Ahora, nuevamente, nos piden que nos esforcemos, que trabajemos más, que suframos más, que paguemos más impuestos para salir de la crisis que encenaga nuestro presente y nuestro futuro; pero nuevamente nos mienten, como nos mintieron cuando no había crisis y se olvidaron de nosotros o nos pagaron poco y mal para que los que tenían mucho tuvieran más. Quieren volver a lo mismo, que repongamos lo que robaron, lo que usurparon, lo que se guardaron a paletadas en sus cajas fuertes particulares, y quieren que lo hagamos con nuestra miseria, con nuestro dolor, con nuestra sangre. Mienten de nuevo, y de nuevo es posible que se salgan con su encanto.

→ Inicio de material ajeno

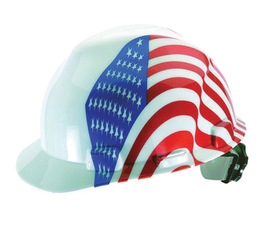 MSA 10050611 V-Gard Freedom Series Class E Type I Hard Cap With Fas-Trac Suspension And Dual American Flag, Per Each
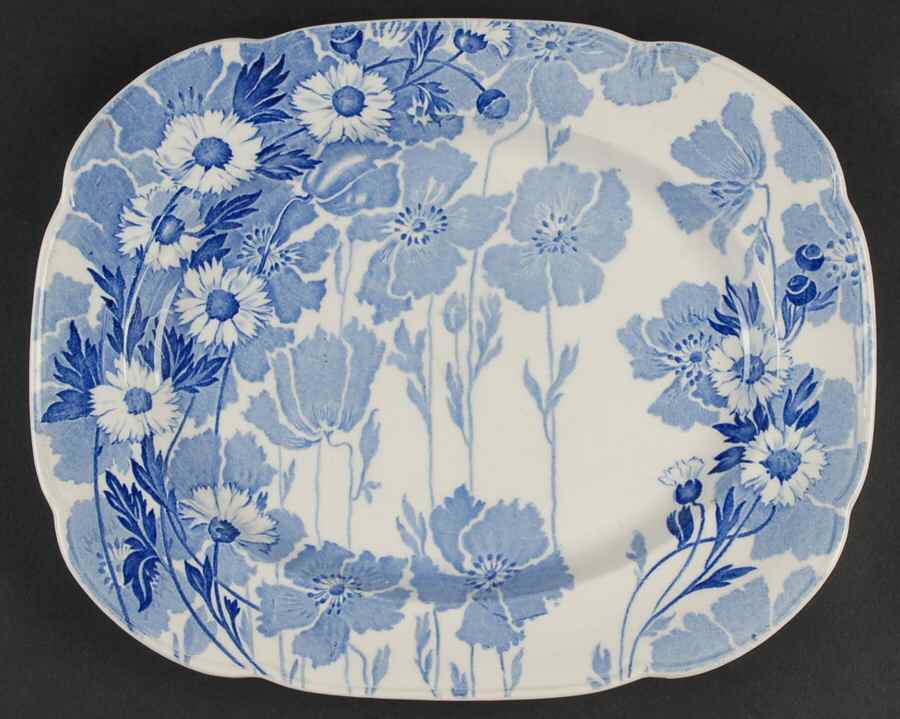 Gay Day Blue (Scalloped) 12" Oval Serving Platter by Wood & Sons-1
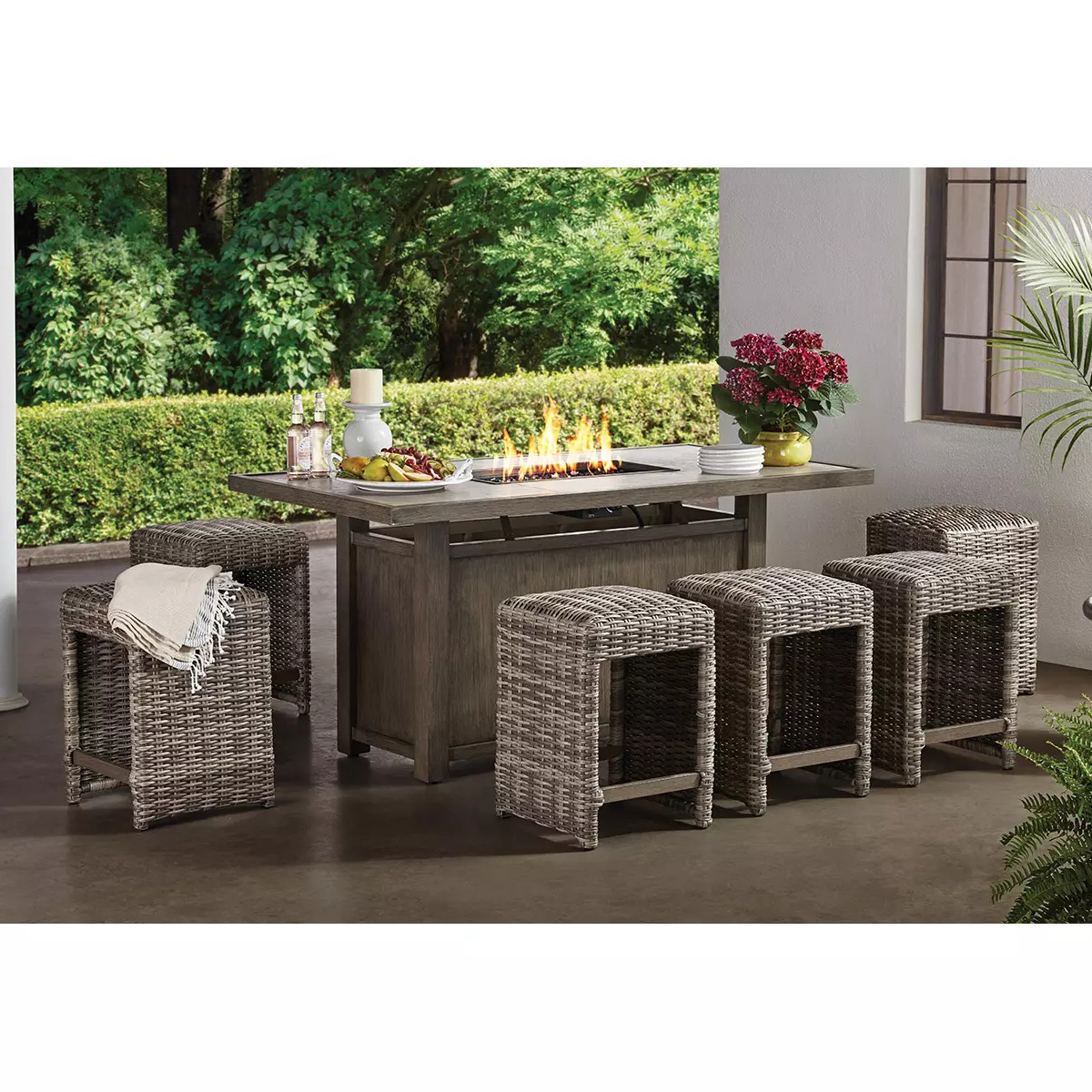 Member's Mark Halstead 7-Piece Resin Wicker Fire Pit Dining Set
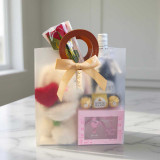 Romantic Red Wine Hamper with Plush Bunny & Rose SK-1899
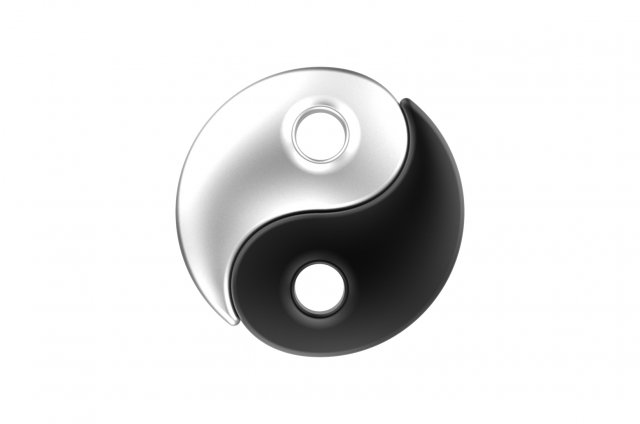 STL file Yin Yang Symbol with Yoga Silhouette STL & SVG ☯️・3D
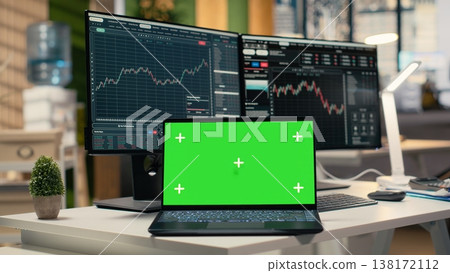Close up of trading software in forex firm office with graphs on green screen laptop. Mockup notebook on desk used by financial specialists tracking stock exchange activity using analytical tools 138172112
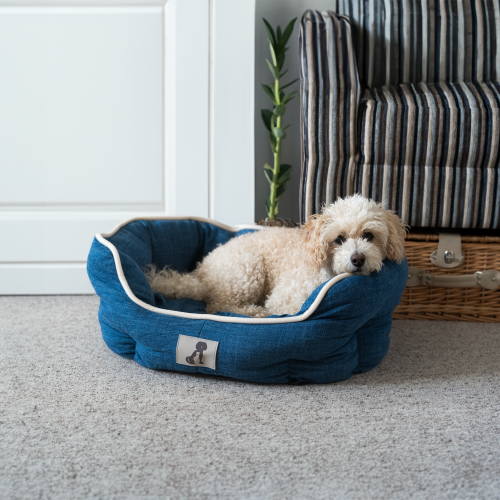 AllPetSolutions Alfie Navy Soft Dog Bed Medium 57x52x22cm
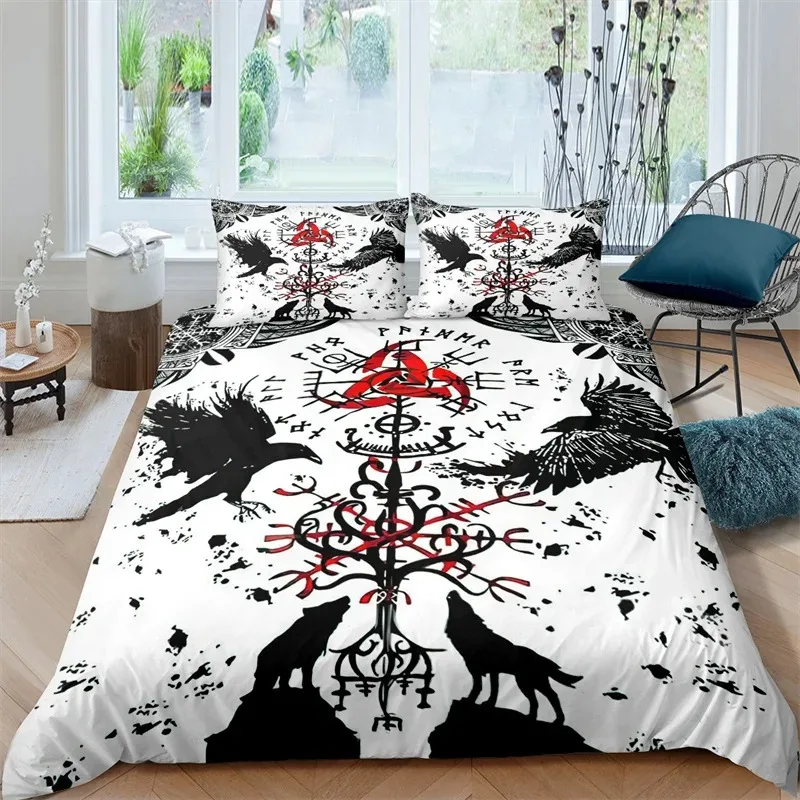 Viking Northern Germanic Culture Wolf Celtic Bedding Set Boys Girls Twin Queen Size Duvet Cover Pillowcase Bed Kids Adult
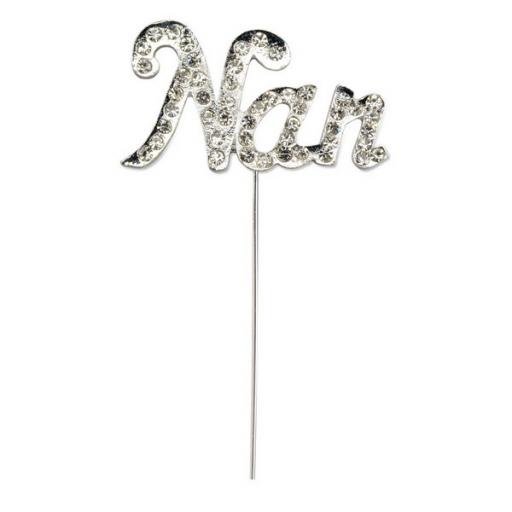 Diamante Nan On Silver Stem 6x4 cm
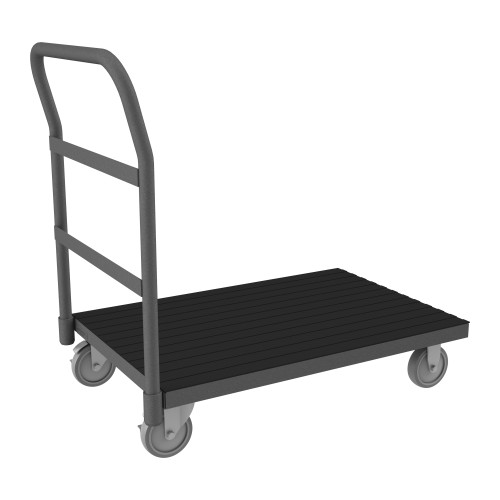 Durham Mfg Platform Truck, Non-Slip Mat, 1400 lbs. Capacity, 24-3/8"W x 51-5/8"D x 34-7/8"H, Gray, DM-EPTRM24485PU95 (1/Ea)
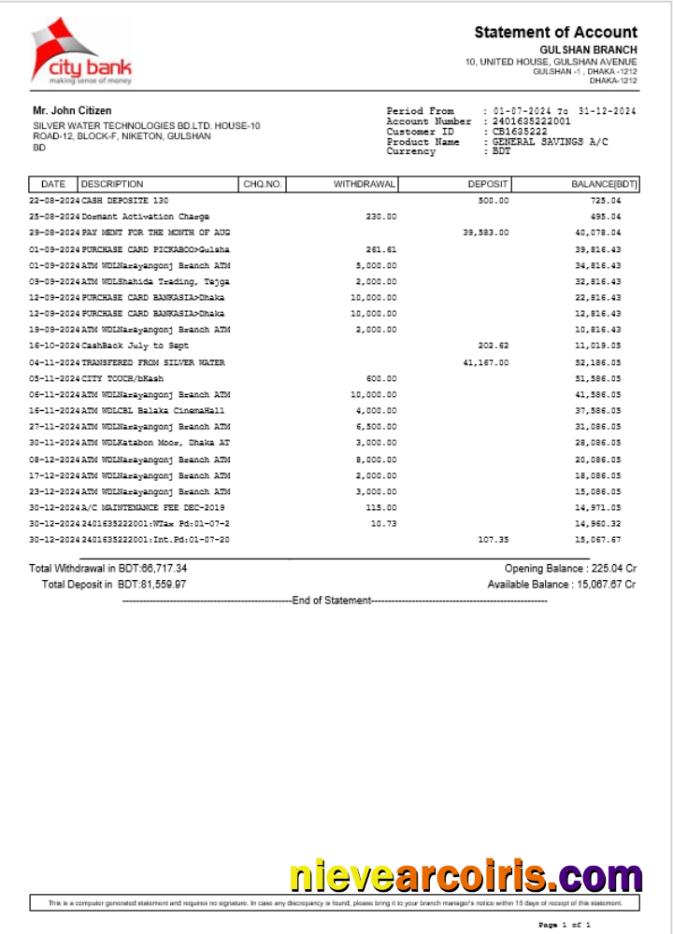 Bangladesh City Bank statement Word and PDF example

Pero puede haber otra forma de organizarnos distinta, mejor, más luminosa. Puede haber deontocracia, y no es ninguna utopía, sino algo que está ahí, que sólo hay que ponerla en práctica y vigilar porque se cumpla. No sé si Dios existe y nos ama, y sí, por el contrario, que exista nuestro padre humano, el gobierno, pero que él no nos ama en absoluto. Somos, de una u otra forma, huérfanos de lo divino y lo humano, y por ello mismo estamos obligados a crecer y madurar, y es mejor que lo hagamos juntos, con la fuerza del colectivo, si es que queremos tener futuro. Ya hemos tenido mil dioses, mil ideologías, mil credos, mil fórmulas de Estado o de gobierno, y todas han fracasado, trayendo a los pueblos dolor y desequilibrio e injusticia, y a la naturaleza destrucción y caos. Tal vez sea llegada la hora de hollar otro camino: todos los demás sabemos de fijo que conducen al infierno. Se puede, se debe.